We support the proposed approach to evidence review and decision making. It appears systematic, transparent, independent and rigorous particularly the externally commissioned independent evidence review. However, care should be taken to ensure that the valuable clinical input and oversight of CRGs is maintained.
It is unclear how the commitment to rare disease services will be addressed in the sequence order of prioritisation. For example, in Section 20, it appears that the majority of rare disease service developments could fall in orders 3 and 4. The proposal does not indicate whether a proportion of funding will be allocated to lower orders or whether investment in such order services will be dependent on resources available after investments have been made for proposals addressing order 1 and 2 requirements. If no prior allocation is made, we are concerned that funds could be exhausted by higher order priorities meaning that insufficient funds would be available to meet demands for rare disease services.
In the interests of being seen to be equitable and transparent, it would be helpful to provide a rationale for why the Cancer Drugs Fund is regarded as being ‘outside these arrangements’.
Are there any other additional steps in the process that we should consider?
As part of fourth order specialised service developments, specialised services should be developed that are a part of the patient pathway that starts in primary care and where appropriate may lead to highly specialised services to ensure that patients are able to access the range of services at the right level of specialism according to their needs.

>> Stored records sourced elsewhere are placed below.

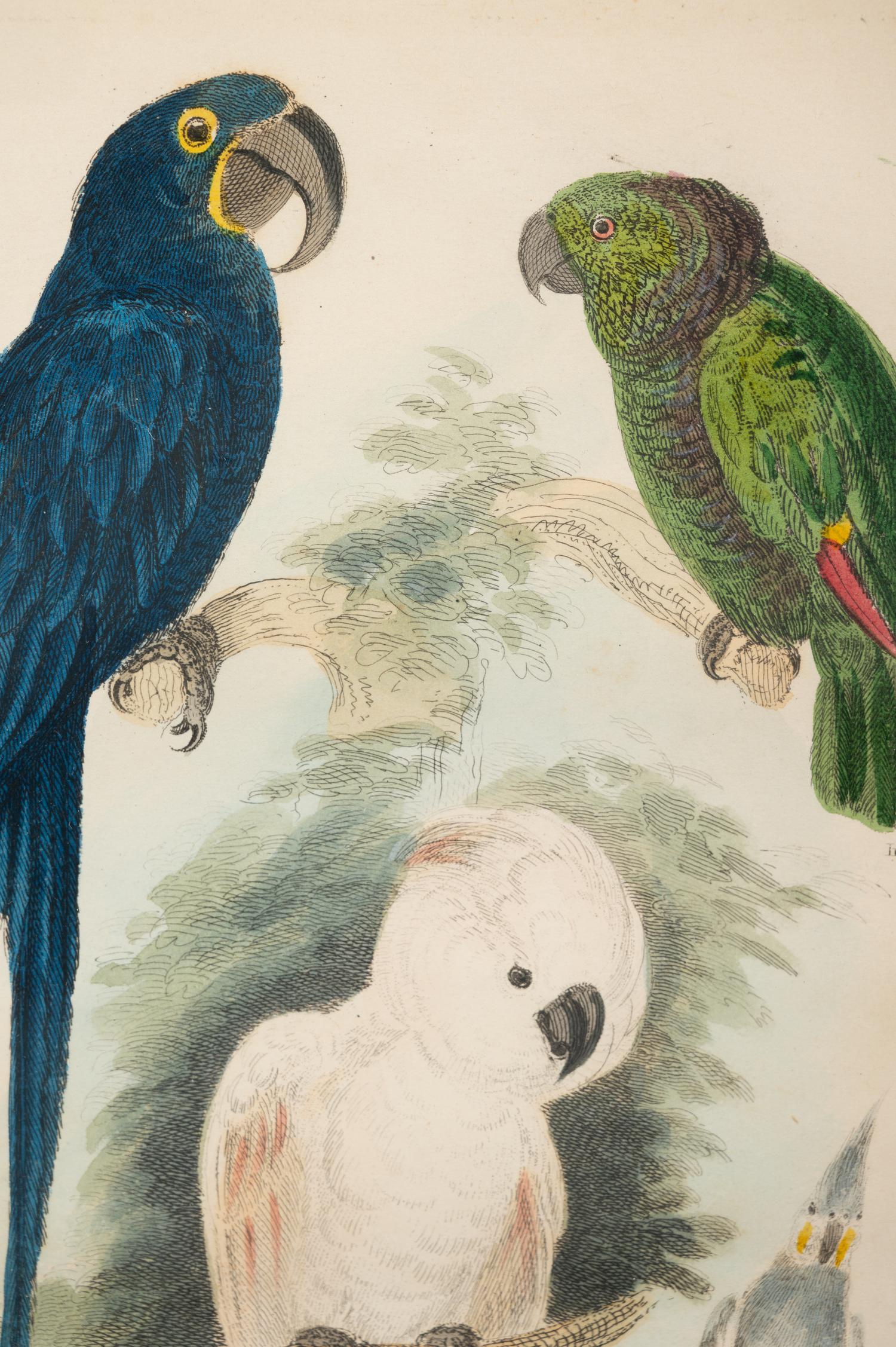 A Hand-Colored Engraving of Tropical Birds After Georges Cuvier (French, 1769-1832)
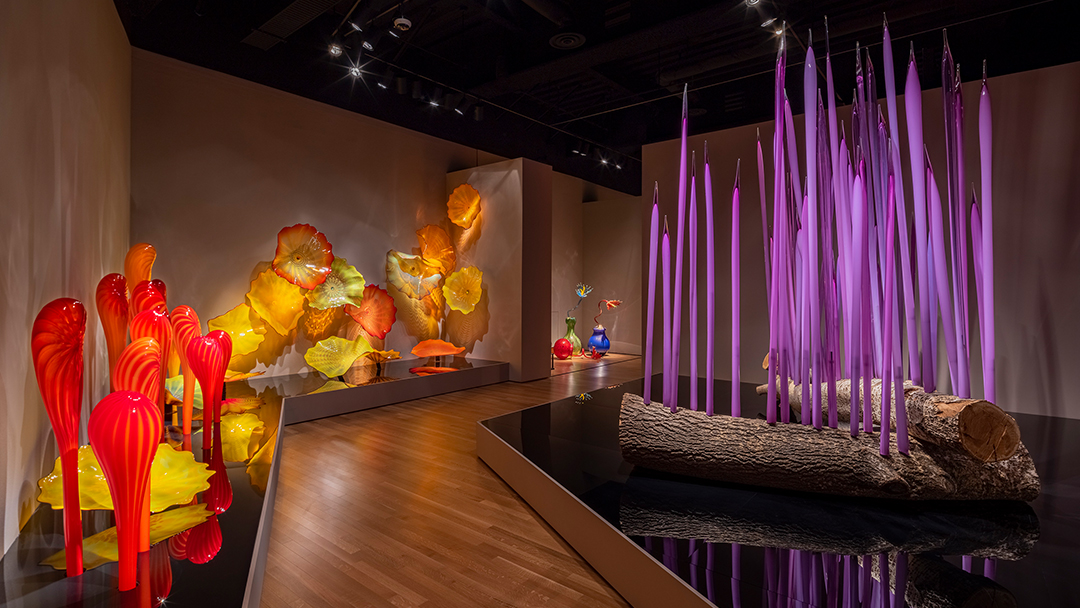 In 2002, the Oklahoma City Museum of Art opened the doors of its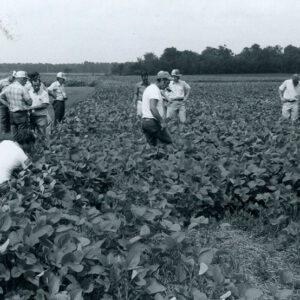 08_24_1980_No_till_bean_tour._Shelby_Area_website-5234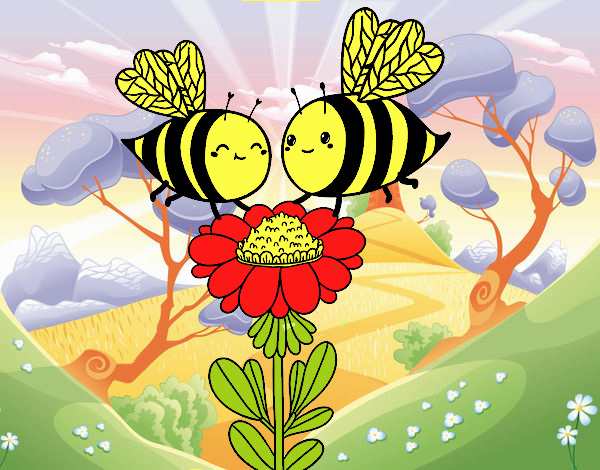 Pareja de abejas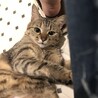 白血病陽性・甘えん坊な美人猫＊麦わら猫ムーちゃん サムネイル2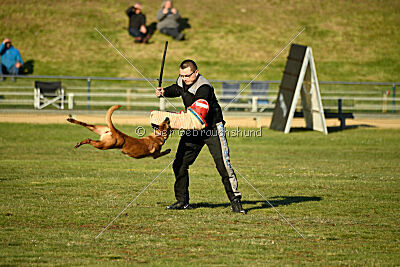 ne pas toucher Amy Winehouse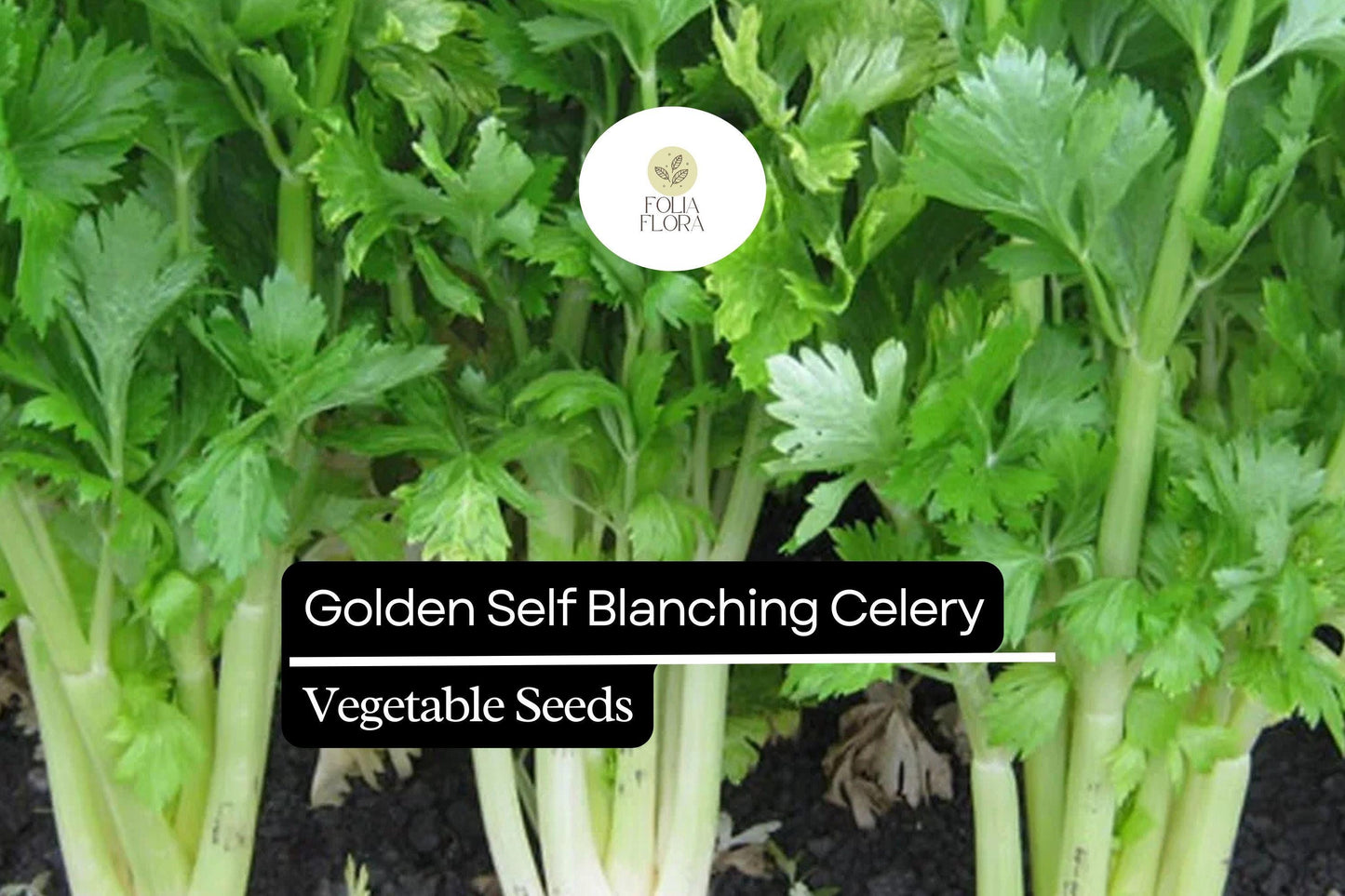 500 Seeds Golden Self-Blanching Celery (Apium graveolens) – Heirloom Variety for Tender, Mild Stalks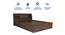Lavish Center Queen Engineered Wood Bed Design 10 (Walnut Finish, Queen Bed Size, Light Brown, Box Storage Type) by Urban Ladder - Rear View Design 1 - 872064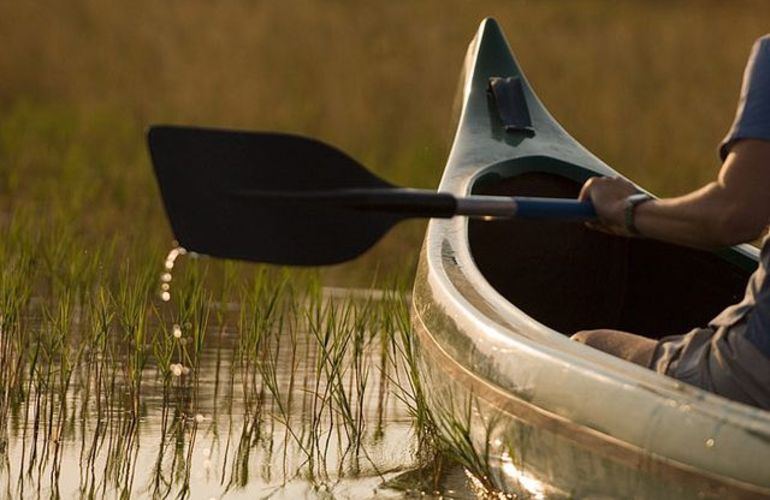 Explore the Landscapes and Wildlife of Botswana Elephant Trail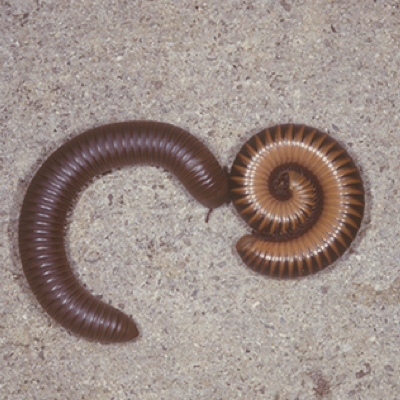 Millipedes control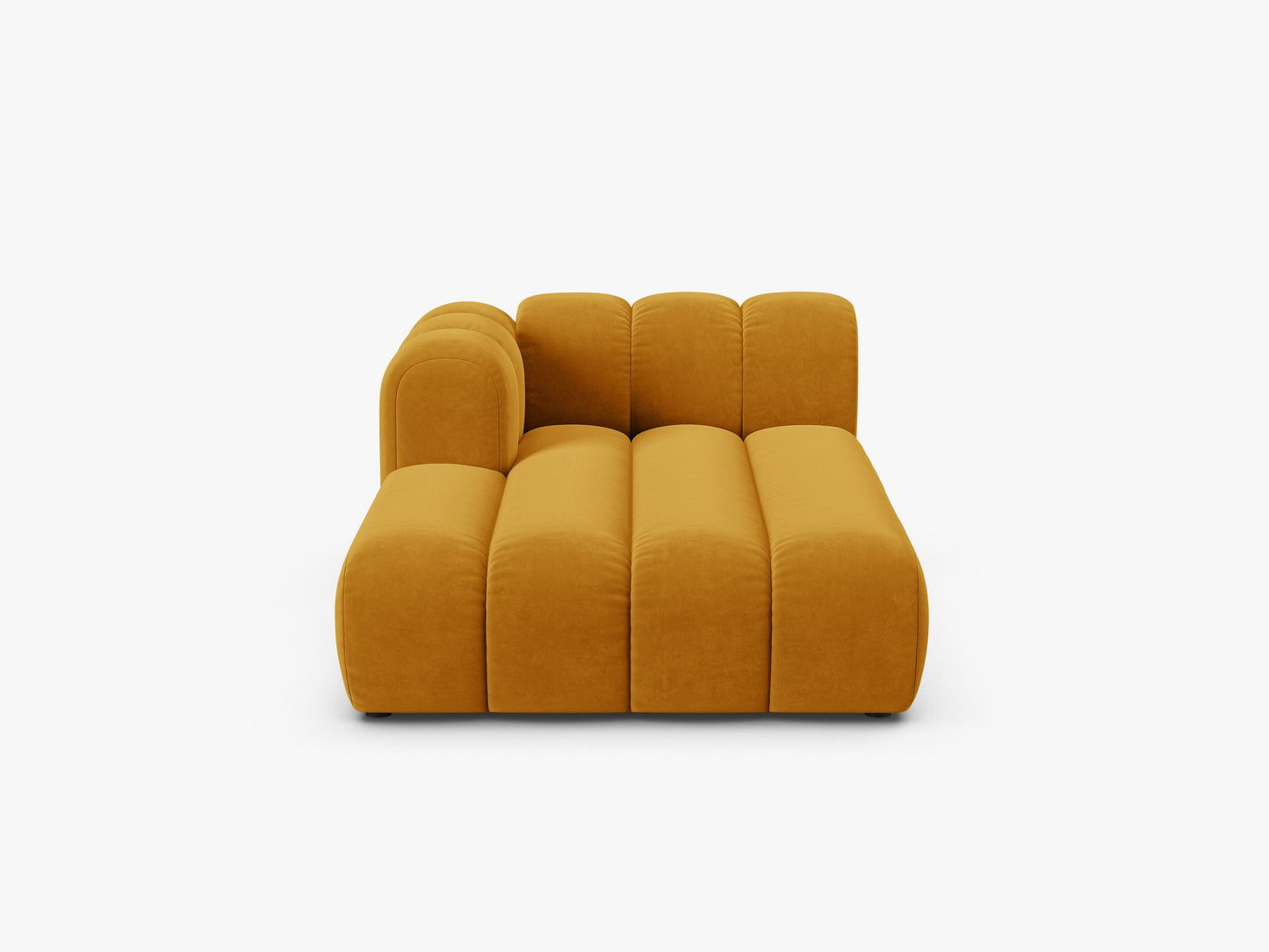 Lupine Velvet (Sal10) / Yellow 0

Developing integrated pathways that transition primary, secondary and tertiary care, will be a good way of ensuring a patient-centred approach, and will help to avoid fragmentation of care (and budgetary priorities) described above.
Are there any additional process steps to those defined where engagement with patients and the public could be most usefully carried out?
We support the extent of patient, stakeholder and public engagement that has already taken place and the extensive future engagement proposed in this process. Engagement with patients and the public is key to high quality service delivery at all stages in the process, and to building public trust and confidence. This is likely to become even more important in the future as increasing demands will be placed on limited budgets. For this reason we recommend that there should be evaluation of each stage to examine how far this engagement takes place, how effective it is and whether there are ways in which it can be improved.
Are there any other considerations that you think we should take into account when developing the principles and process about investing in specialised services?
Principles and process should ensure that the patient pathway of a proposal is seamless between the different levels and elements of health and social care. Making sure that patients do not get lost as they transition between primary, secondary and more specialised care is vital. The transition between child and adult services is an area that requires more consideration: many care pathways struggle with this interface.
Before completing the survey you must declare any financial or other interests in any specialised services:
The PHG Foundation is an independent health policy think-tank that has a mission to foster and enable the use of scientific knowledge and technologies arising from biomedical science for the benefit of health and health services. More specifically, the PHG Foundation focuses on the way that new technologies, especially those relating to genomics, are translated within health services and on the impact of genomics upon clinical and public health services. The PHG Foundation has not received funding from companies involved in the manufacture of drugs or treatments. It also has no financial or other interests to declare in any specialised services.